#### Material supplied

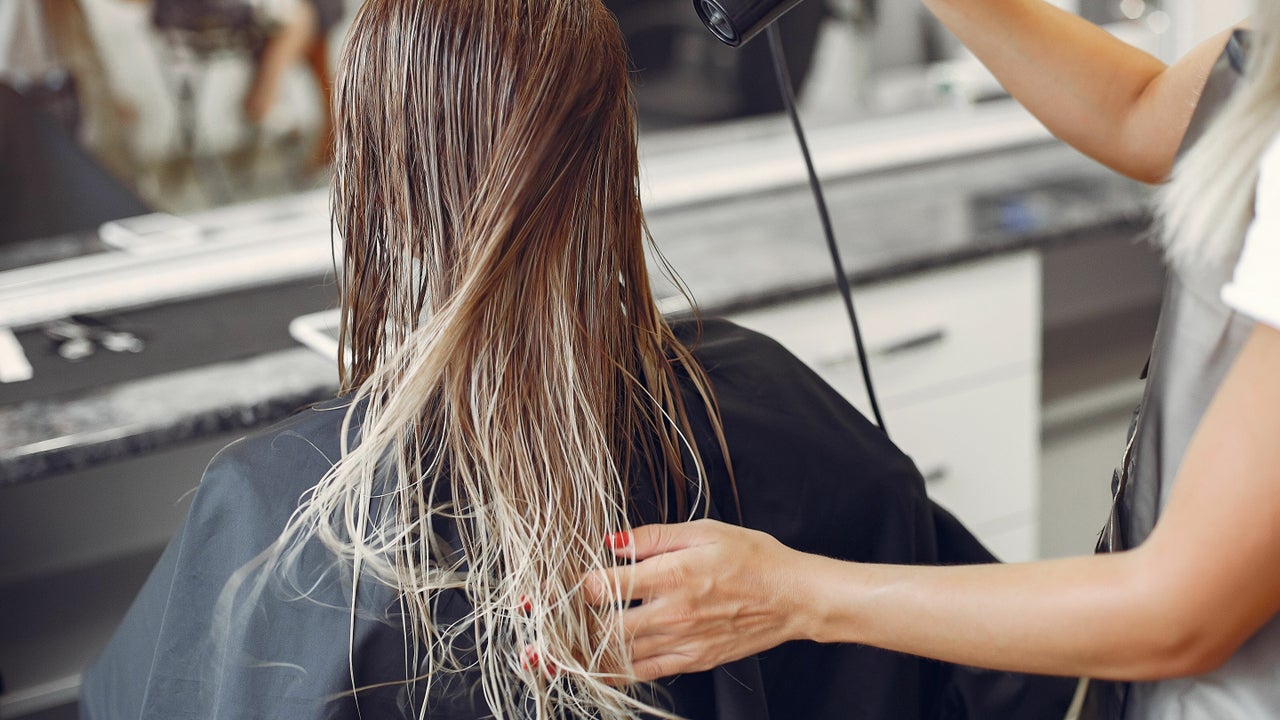 Best salons for hair extensions Near Me in Green Community Village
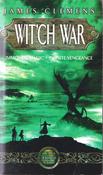 James Clemens / Wit'ch War (Lesser Grade Paperback) image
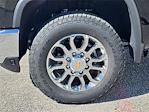 New 2026 Chevrolet Silverado 2500 LTZ Crew Cab for sale #111860 - photo 9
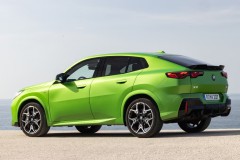 BMW X2 2023 - foto 4
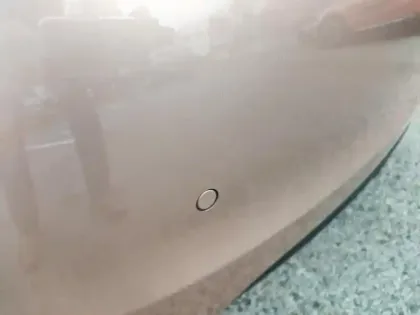 Photo 12 Fiat 500  e 118ch Icône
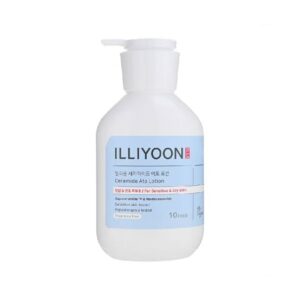 ILLIYOON Ceramide Ato Lotion 350 ml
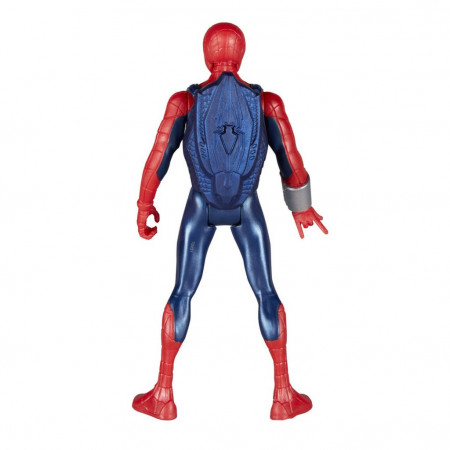Фигурка HASBRO SPD Quick shot figures (Человек-Паук с рюкзаком) - image 3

########

Problem — For each record above, write out every line exactly and skip the pictures.

Result for this task —
 Best salons for hair extensions Near Me in Green Community Village
 James Clemens / Wit'ch War (Lesser Grade Paperback) image
 New 2026 Chevrolet Silverado 2500 LTZ Crew Cab for sale #111860 - photo 9
 BMW X2 2023 - foto 4
 Photo 12 Fiat 500  e 118ch Icône
 ILLIYOON Ceramide Ato Lotion 350 ml
Фигурка HASBRO SPD Quick shot figures (Человек-Паук с рюкзаком) - image 3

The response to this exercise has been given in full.